__WORK INSTRUCTION__. Set every line of the listing down again, keeping it identical.

─── DATA LISTING

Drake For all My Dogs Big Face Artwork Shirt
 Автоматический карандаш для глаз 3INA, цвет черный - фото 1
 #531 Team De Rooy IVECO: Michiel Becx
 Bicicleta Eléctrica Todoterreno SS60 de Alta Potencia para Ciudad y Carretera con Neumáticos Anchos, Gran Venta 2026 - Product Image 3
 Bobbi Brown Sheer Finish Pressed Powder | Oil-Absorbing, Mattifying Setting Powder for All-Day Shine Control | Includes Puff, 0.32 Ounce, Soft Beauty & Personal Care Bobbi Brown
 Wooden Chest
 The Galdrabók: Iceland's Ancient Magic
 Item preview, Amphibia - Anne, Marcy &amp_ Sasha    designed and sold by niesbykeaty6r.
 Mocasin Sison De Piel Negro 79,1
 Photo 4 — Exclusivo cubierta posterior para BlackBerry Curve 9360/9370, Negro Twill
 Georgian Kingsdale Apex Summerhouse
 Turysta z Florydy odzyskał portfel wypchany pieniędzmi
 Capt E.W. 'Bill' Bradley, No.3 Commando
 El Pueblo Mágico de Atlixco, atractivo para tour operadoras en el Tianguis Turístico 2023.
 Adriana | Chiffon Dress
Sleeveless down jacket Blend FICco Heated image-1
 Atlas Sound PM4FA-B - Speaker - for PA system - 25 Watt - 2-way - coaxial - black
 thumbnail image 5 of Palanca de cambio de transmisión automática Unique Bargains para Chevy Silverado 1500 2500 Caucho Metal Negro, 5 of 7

──────

__ANSWER TO THE PROBLEM__.
Drake For all My Dogs Big Face Artwork Shirt
 Автоматический карандаш для глаз 3INA, цвет черный - фото 1
 #531 Team De Rooy IVECO: Michiel Becx
 Bicicleta Eléctrica Todoterreno SS60 de Alta Potencia para Ciudad y Carretera con Neumáticos Anchos, Gran Venta 2026 - Product Image 3
 Bobbi Brown Sheer Finish Pressed Powder | Oil-Absorbing, Mattifying Setting Powder for All-Day Shine Control | Includes Puff, 0.32 Ounce, Soft Beauty & Personal Care Bobbi Brown
 Wooden Chest
 The Galdrabók: Iceland's Ancient Magic
 Item preview, Amphibia - Anne, Marcy &amp_ Sasha    designed and sold by niesbykeaty6r.
 Mocasin Sison De Piel Negro 79,1
 Photo 4 — Exclusivo cubierta posterior para BlackBerry Curve 9360/9370, Negro Twill
 Georgian Kingsdale Apex Summerhouse
 Turysta z Florydy odzyskał portfel wypchany pieniędzmi
 Capt E.W. 'Bill' Bradley, No.3 Commando
 El Pueblo Mágico de Atlixco, atractivo para tour operadoras en el Tianguis Turístico 2023.
 Adriana | Chiffon Dress
Sleeveless down jacket Blend FICco Heated image-1
 Atlas Sound PM4FA-B - Speaker - for PA system - 25 Watt - 2-way - coaxial - black
 thumbnail image 5 of Palanca de cambio de transmisión automática Unique Bargains para Chevy Silverado 1500 2500 Caucho Metal Negro, 5 of 7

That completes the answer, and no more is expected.